**Problem requirements:** The answer must be every entry below, word for word, with the pictures left out.

**Extracted records:**
-----

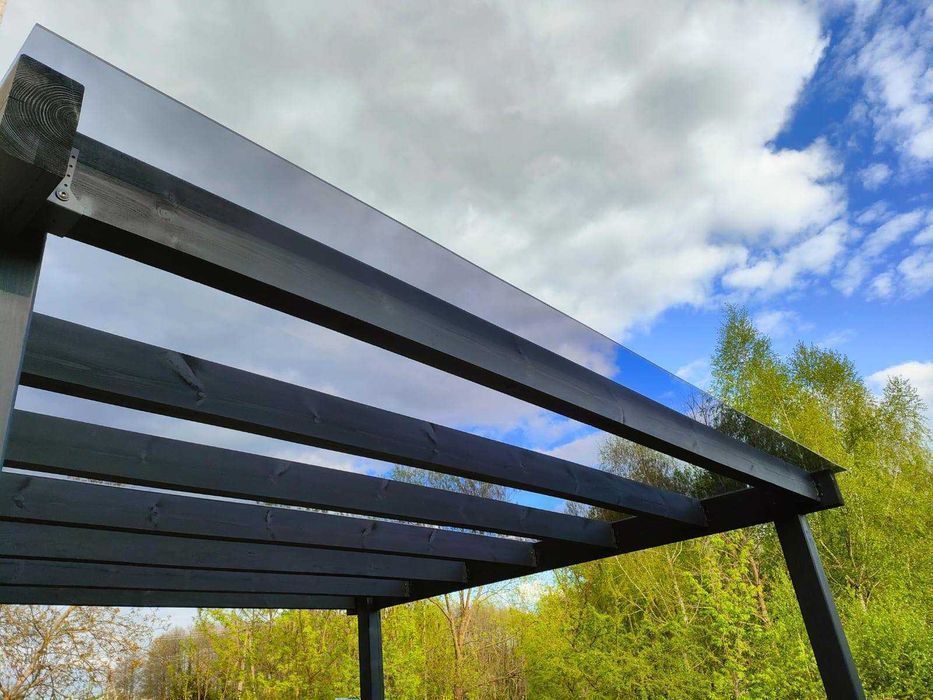 PROMOCJA Poliwęglan lity bezbarwny/dymiony/opal/antracyt 5 mm 3 do 6 m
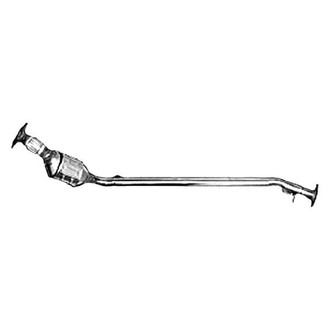 AP Exhaust® - Direct Fit Catalytic Converter and Pipe Assembly
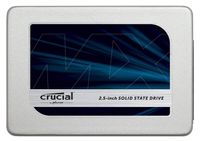 Crucial MX500 SSD 1TB 2,5" SATA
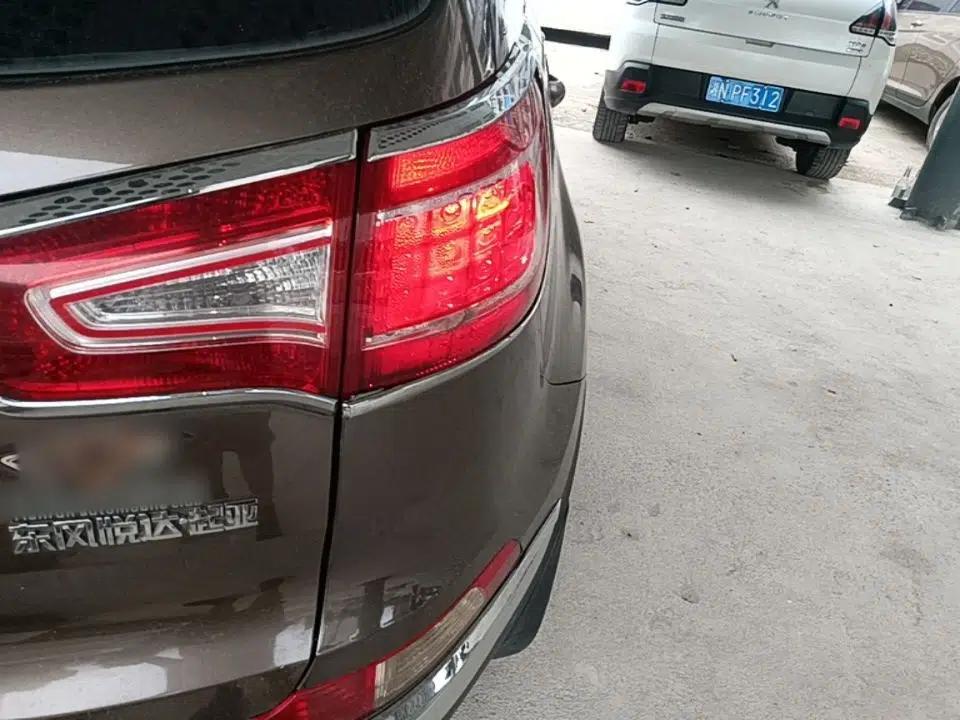 Used Kia Sportage R 2014 2.0L Automatic Two-Wheel Drive GL — миниатюра 9
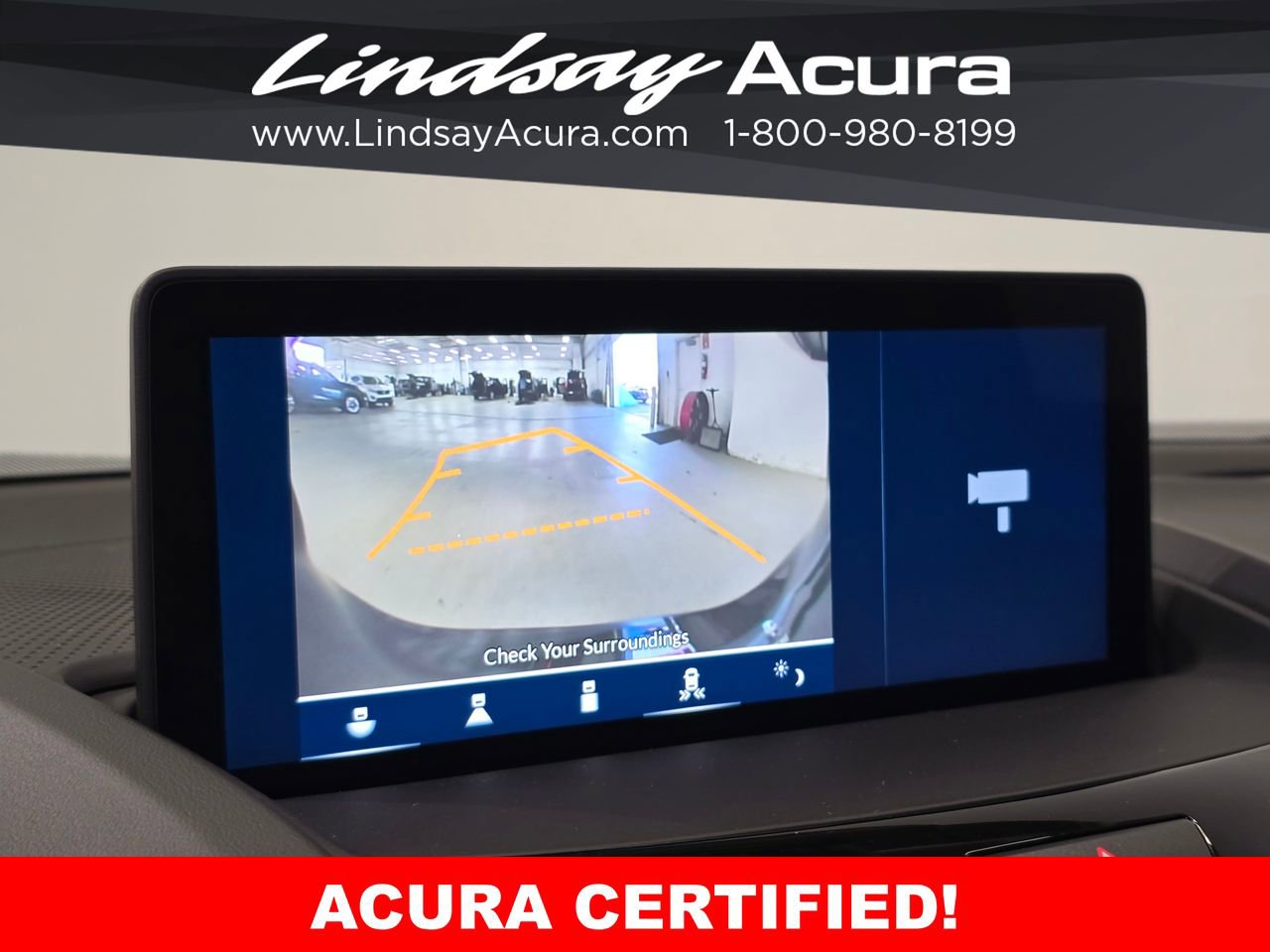 Certified 2023 Acura RDX AWD image 18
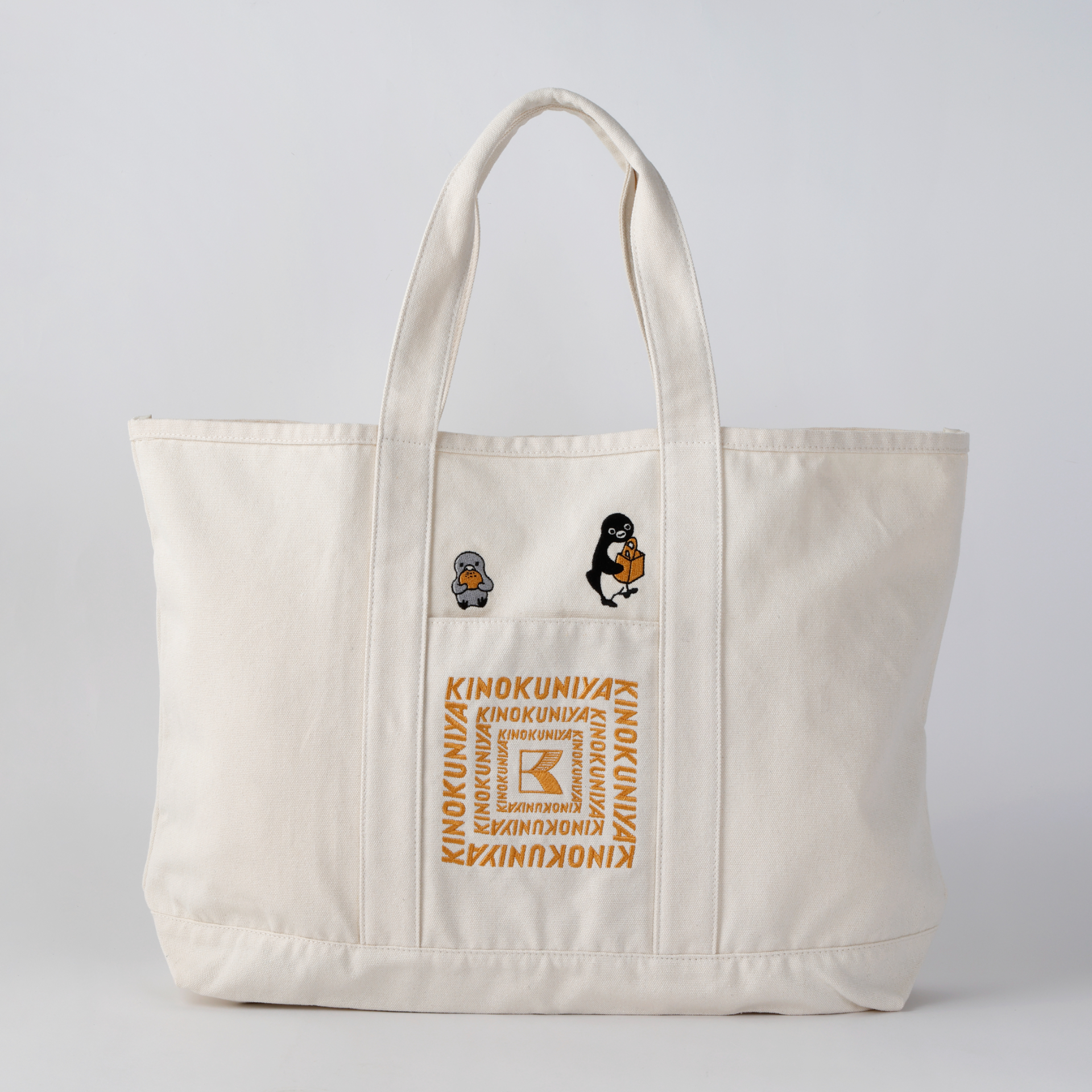 Suicaのペンギン ビッグトート パン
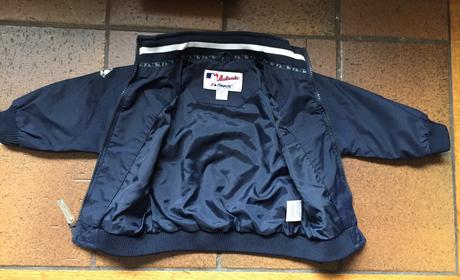 Fešácka bundička yankees , 86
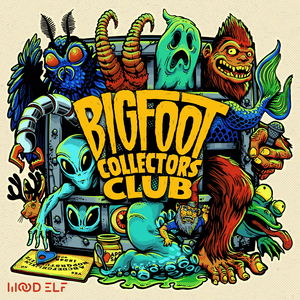 Bigfoot Collectors Club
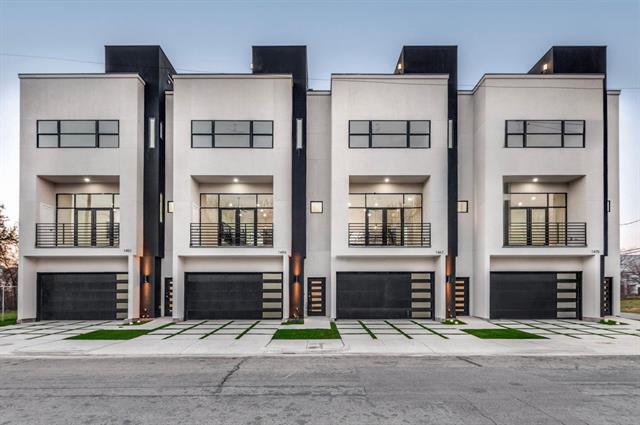 property at 1475 McKee St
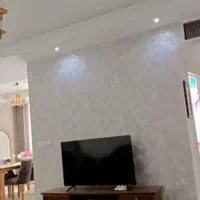 ۱۰۰متر ۲خواب نقشه مهندسی ارم باغ سیب|فروش آپارتمان|کرج, باغ سیب|دیوار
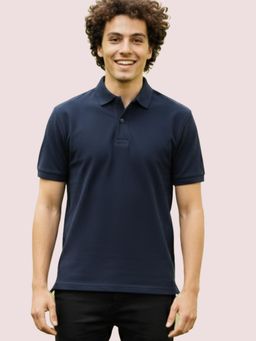 Greylongg - Comfortable Mens Polo T-Shirt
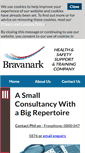 Mobile Screenshot of bravanark.co.uk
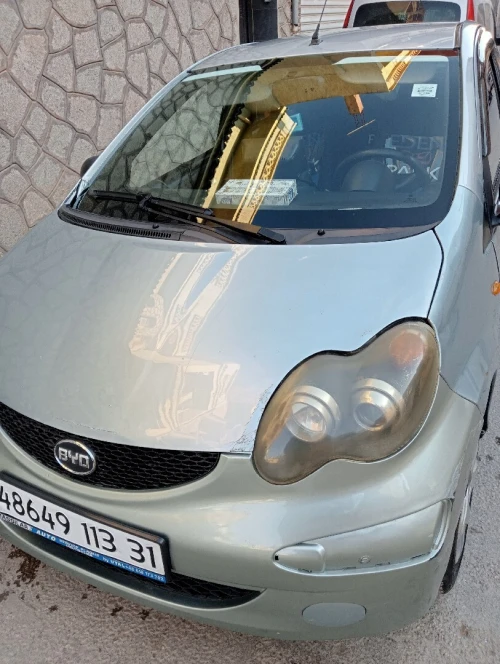 BYD F0 2013 GL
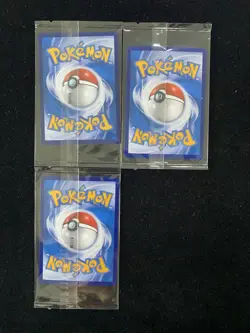 2025 Pokemon TCG S-CHN Gem Pack Promo 118/SV-P 120/SV-P Quaxly Sealed Lot*3 OC83 - Image 2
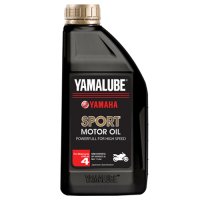 YAMAHA 야마하 R3/MT03 전용 엔진오일 50% 합성유 SEMI SYNTHETIC 1000ml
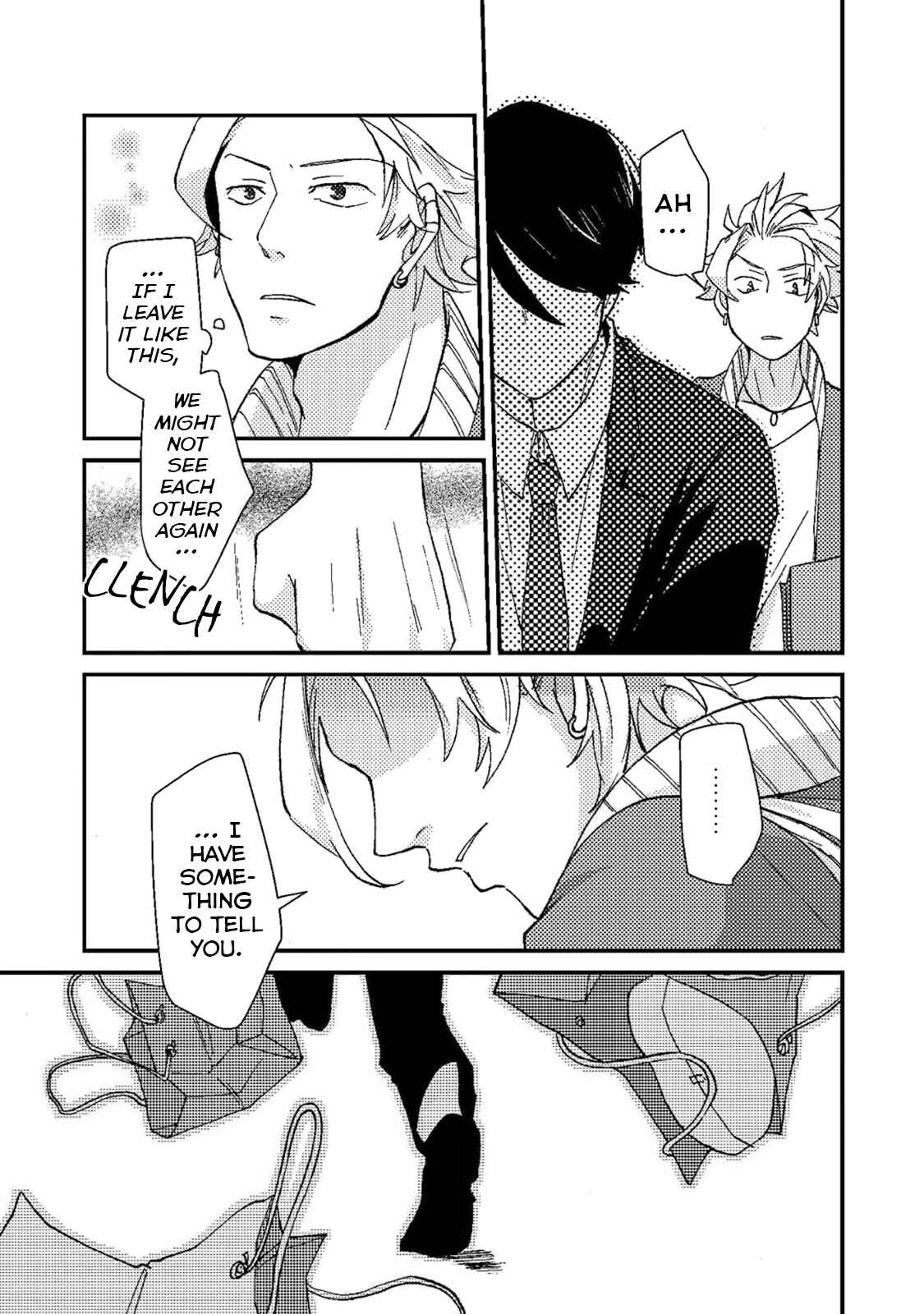 Page 25 Chapter 2 Saenai Oji-san to Ore-sama Yankee-kun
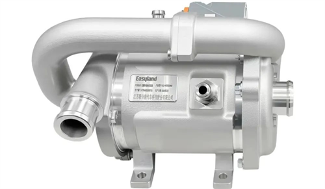 易合捷“輕量化高效”小功率燃料電池空壓機(jī)FCC02完成首批發(fā)(圖2)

-----

**Response area:**
 PROMOCJA Poliwęglan lity bezbarwny/dymiony/opal/antracyt 5 mm 3 do 6 m
 AP Exhaust® - Direct Fit Catalytic Converter and Pipe Assembly
 Crucial MX500 SSD 1TB 2,5" SATA
 Used Kia Sportage R 2014 2.0L Automatic Two-Wheel Drive GL — миниатюра 9
 Certified 2023 Acura RDX AWD image 18
 Suicaのペンギン ビッグトート パン
 Fešácka bundička yankees , 86
 Bigfoot Collectors Club
 property at 1475 McKee St
 ۱۰۰متر ۲خواب نقشه مهندسی ارم باغ سیب|فروش آپارتمان|کرج, باغ سیب|دیوار
 Greylongg - Comfortable Mens Polo T-Shirt
 Mobile Screenshot of bravanark.co.uk
 BYD F0 2013 GL
 2025 Pokemon TCG S-CHN Gem Pack Promo 118/SV-P 120/SV-P Quaxly Sealed Lot*3 OC83 - Image 2
 YAMAHA 야마하 R3/MT03 전용 엔진오일 50% 합성유 SEMI SYNTHETIC 1000ml
 Page 25 Chapter 2 Saenai Oji-san to Ore-sama Yankee-kun
 易合捷“輕量化高效”小功率燃料電池空壓機(jī)FCC02完成首批發(fā)(圖2)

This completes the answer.